Smallville (The CW, 2001-2011) contava as aventuras de Clark Kent (Tom Welling) no período que morava com os pais na cidade título e ainda estava descobrindo seus poderes, fenômeno entre os jovens – apesar de ser ruim de doer – e foi apenas a primeira de inúmeras séries de heróis que surgiriam na próxima década.
Heroes (NBC, 2006-2010) foi um caso muito, muito estranho, na onda dos super-heróis, Tim Kring criou essa série, que mostrava várias pessoas comuns em vários cantos do planeta descobrindo poderes, a primeira temporada foi um sucesso estrondoso, indicada ao Emmy de melhor série drama, episódios bem escritos, dirigidos, um elenco bom, surpreendente, primeiro ano excelente, mas, de repente, na volta da segunda temporada, tudo desandou de forma que o público pensasse: o que raios aconteceu? A série se perdeu completamente, meteu os pés elas mãos, criando tramas que não faziam sentido, personagens com poderes estranhos, a audiência foi ao chão, ainda assim, a série ficou no ar por quatro anos.

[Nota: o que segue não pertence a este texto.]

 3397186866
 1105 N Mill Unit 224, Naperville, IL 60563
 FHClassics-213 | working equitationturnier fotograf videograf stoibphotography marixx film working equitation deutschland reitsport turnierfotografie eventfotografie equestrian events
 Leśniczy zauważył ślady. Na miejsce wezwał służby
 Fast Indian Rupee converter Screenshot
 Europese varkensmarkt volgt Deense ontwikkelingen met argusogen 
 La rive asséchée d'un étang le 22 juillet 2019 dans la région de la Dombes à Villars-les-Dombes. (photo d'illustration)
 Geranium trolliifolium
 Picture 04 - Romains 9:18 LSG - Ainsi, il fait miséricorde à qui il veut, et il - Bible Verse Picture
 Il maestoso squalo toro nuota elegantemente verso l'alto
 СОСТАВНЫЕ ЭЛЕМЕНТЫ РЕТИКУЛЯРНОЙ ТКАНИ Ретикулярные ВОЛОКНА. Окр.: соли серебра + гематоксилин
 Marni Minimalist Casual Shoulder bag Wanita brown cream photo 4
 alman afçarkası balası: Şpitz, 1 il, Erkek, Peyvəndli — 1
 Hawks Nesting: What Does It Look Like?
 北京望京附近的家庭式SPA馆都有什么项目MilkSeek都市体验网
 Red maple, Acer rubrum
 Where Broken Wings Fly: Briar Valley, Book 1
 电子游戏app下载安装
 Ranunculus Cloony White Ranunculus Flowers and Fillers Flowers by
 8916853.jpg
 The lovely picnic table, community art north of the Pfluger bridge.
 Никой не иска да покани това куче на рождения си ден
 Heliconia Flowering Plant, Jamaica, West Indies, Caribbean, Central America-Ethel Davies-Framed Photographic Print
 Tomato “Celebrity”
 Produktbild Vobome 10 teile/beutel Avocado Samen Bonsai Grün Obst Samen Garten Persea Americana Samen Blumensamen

O público passeou por hospitais e flertou com os médicos
Plantão Médico / ER permaneceu no ar até 2009, mas a série já estava desgastada, o público gostava de séries médicas e queria séries novas. Com o público sedentos pela renovação desse tipo de série, três novas foram ao ar. Com um cinismo peculiar e a filosofia de que todo paciente mente, o Dr. Gregory House (Hugh Laurie) foi um dos médicos que conquistaram a audiência, House (FOX, 2004-2012) foi um sucesso, o doutor não deixava nenhuma evidência de lado e não se preocupava em arriscar sua reputação. O tipo de personagem que incomoda a pessoa que vos fala, pois é aquele chato que está sempre certo e não aceita “perder” em uma discussão, mas o protagonista era a essência da série, todo o sucesso era devido a ele.
Shonda Rhimes foi mais um dos nomes que explodiu nos anos 2000, sua primeira empreitada para a televisão, continua no ar até hoje, sinal que o público ainda gosta, porque dá audiência. Estou falando de Grey’s Anatomy (ABC, 2005-presente), a série está atualmente na décima oitava temporada e teve seu elenco reformulado várias vezes, a série mostra o cotidiano “peculiar” dos médicos do Seattle Hospital. Eu sinceramente acho um dramalhão, uma verdadeira novela e me desculpa quem gosta, mas sinceramente...
Ainda nos anos 2000 que parecem não ter fim, Ryan Murphy colocava no ar sua segunda série, ele ficaria extremamente popular na década seguinte, aliás, é o atual nome mais “forte” da televisão. Estética / Nip/Tuck (FX, 2003-2010) acontecia em uma clínica de cirurgias plásticas, fazendo uma dura e sarcástica crítica a esse seguimento da medicina. Os donos da clínica Sean McNamara (Dylan Walsh) e Christian Troy (Julian McMahon) eram parceiros, mas com personalidades totalmente diferentes, no começo de cada episódios um deles perguntava ao paciente “me diga o que você não gosta em você” – partindo disso vários dilemas pessoas entravam em cena. O primeiro sucesso de Murphy já mostrava como seria sua carreira, começaria todas as séries seguintes de forma brilhante, mas no decorrer das temporadas só cairia, até ficarem completamente ruins.
São muitas séries, não dá para colocar tudo em um único texto, semana que vem, falamos das comédias, das famílias dos anos 2000, de boas ideias que foram canceladas, da censura e tantas outras séries, calma que tem muito mais, até semana que vem.